The turbocharger test rig (TTR) is a cold gas turbocharger test stand developed for characterization of the bearing system in ball bearing turbochargers. Ball bearings are replacing journal bearings in turbochargers due to their low friction characteristics which not only increase overall efficiency of the powertrain but also reduce turbocharger lag. To support the rotating assembly of a turbocharger, two opposed angular contact ball bearings are integrated into a single cartridge and supported on a squeeze film damper. Air to drive the turbocharger is provided by a diesel air compressor while oil for lubricating the bearings is supplied from an external heated reservoir. Two proximity probes are positioned 90° apart in the compressor housing and measure shaft whirl from the compressor wheel. In the turbocharger the bearing cartridge supports both axial and frictional loads. Strain gage sensors were designed and machined to fit within the geometry of the turbocharger on either side of the bearing cartridge to measure axial loads. The anti-rotation pin, which typically supports the frictional load on the cartridge, was replaced with a beam load cell and adapters to simulate the geometry of the pin.
The cam and follower valve train test rig (VTR) was developed to measure the individual angular speed of the intake and exhaust rollers. The camshaft is driven by a 55 horsepower electric motor through a timing belt configuration. A 700 mm flywheel is attached to the drive shaft for stability purposes. High rigidity couplings allow for in situ torque measurements of the camshaft. Equipped with sponsor proprietary speed sensors, the VTR measures the angular speed versus angular position of the cam. Since the VTR cams are non-circular, the speed of the roller followers does not remain constant, the choice of measuring the roller speed versus angular position was clear. To relate the sponsor’s speed sensors to angular speed, a LabVIEW code was developed to take full advantage of the 40 MHz clock onboard a compactRIO and within the FPGA layer. The measured roller speed data is compared to the theoretical roller speed profile, which is developed from cam and follower kinematics. Differencing present between the measured and theoretical data is utilized to characterize the slipping and skidding of the system.
The cam follower test rig (CFTR) is a custom built test setup for characterization of follower performance in cam-follower designs. The CFTR uses a circular cam profile to maintain a constant input speed and load during the cam rotation. A constant normal load is applied on the follower using a hydraulic actuator. The torque and the coefficient of friction developed in the system is measured using a rotary torque sensor.
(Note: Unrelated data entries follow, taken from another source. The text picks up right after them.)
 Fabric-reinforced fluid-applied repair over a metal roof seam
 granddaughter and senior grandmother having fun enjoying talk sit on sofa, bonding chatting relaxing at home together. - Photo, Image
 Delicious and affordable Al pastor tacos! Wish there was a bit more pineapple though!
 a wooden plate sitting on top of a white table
The test setup is mainly used for:
An axial piston pump test rig was designed and developed to operate pumps and measure the lubricating gap between the valve plate and cylinder block. The hydraulic circuit used is based on a general design for steady state testing of axial piston pumps commonly used in industry. The APPTR is instrumented with flow meters pressure transducers and thermocouples to measure and control the desired pump. A series of pressure relief valves are also used to control the pressure in the hydraulic lines and generate a hydraulic load on the pump. The axial piston pump is driven by a variable speed 15 hp electric motor which can operate at up to 3600 RPM. Through the use of 3 non-contact proximity probes mounted in the pump housing the valve plate motion and film thickness between the cylinder block is measured. This test rigs allows for a better understanding of valve plate motion and film thicknesses in axial piston pumps.
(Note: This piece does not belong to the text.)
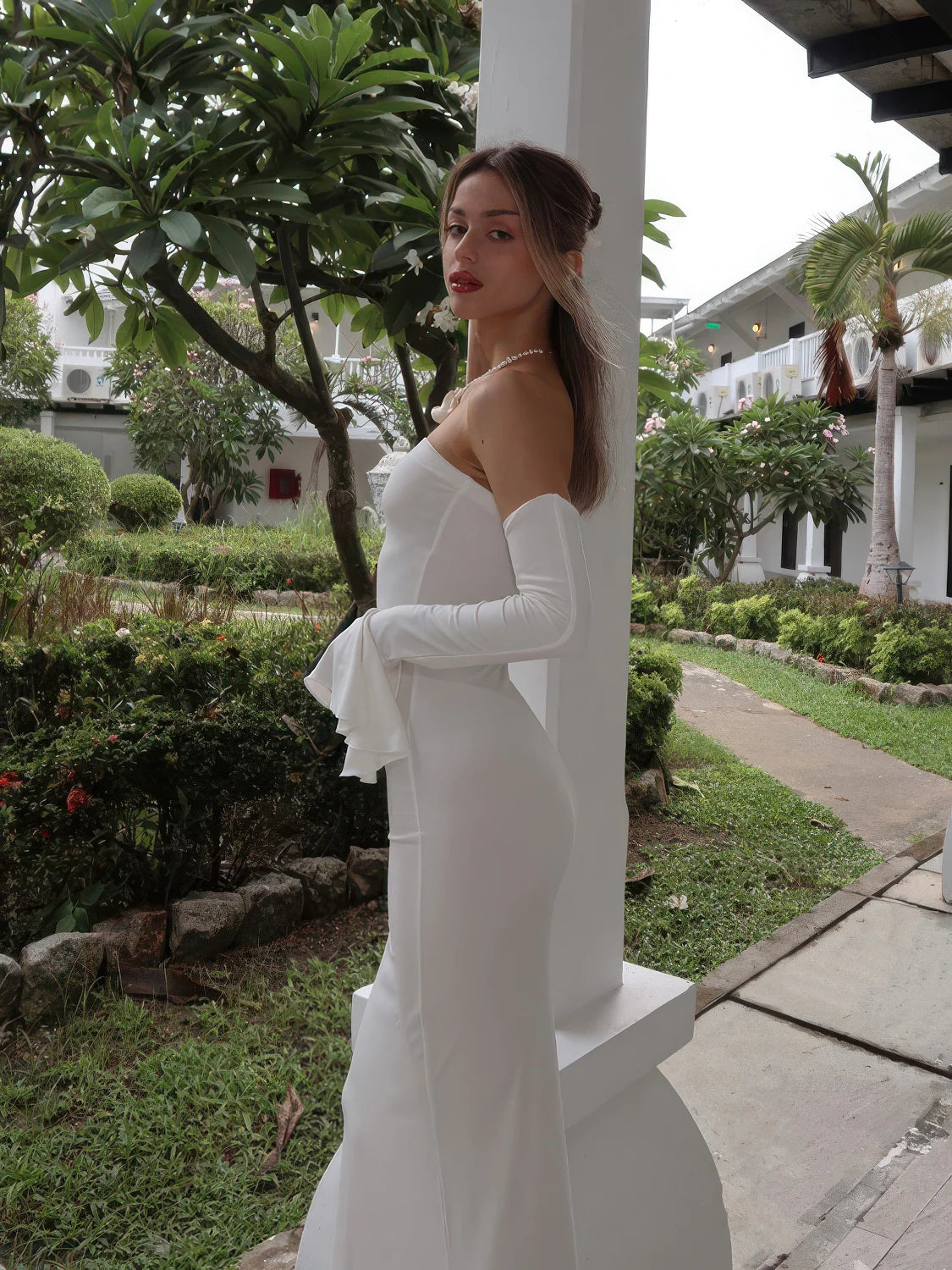 Woman in a white dress standing outdoors near a garden and building. #Color_White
A pocketed thrust washer test rig (TWTR) was designed and developed to experimentally measure the cavitation and shear driven cavity flow inside of surface modifications using optical measurement techniques such as Particle Image Velocimetry(PIV). Any desired lubricant can be used in the reservoir as well as any desired pocket geometry or orientation. An encoder is used to measure and control the servo motor speed. The rotating runner is coupled to a ball and socket joint and attached to the servomotor. The ball joint configuration allowed the runner surface to adjust and remain parallel to the bearing surface. A 10:1 load arm is employed to apply any desired load onto the bearing. Using the camera mount on the front of the test rig, the flow inside of the pocket geometry is then visualized through the use of a prism and a glass sight.. This test rig allows for a better understanding of the recirculation and cavitation effects that occur when using surface modifications on bearing surfaces.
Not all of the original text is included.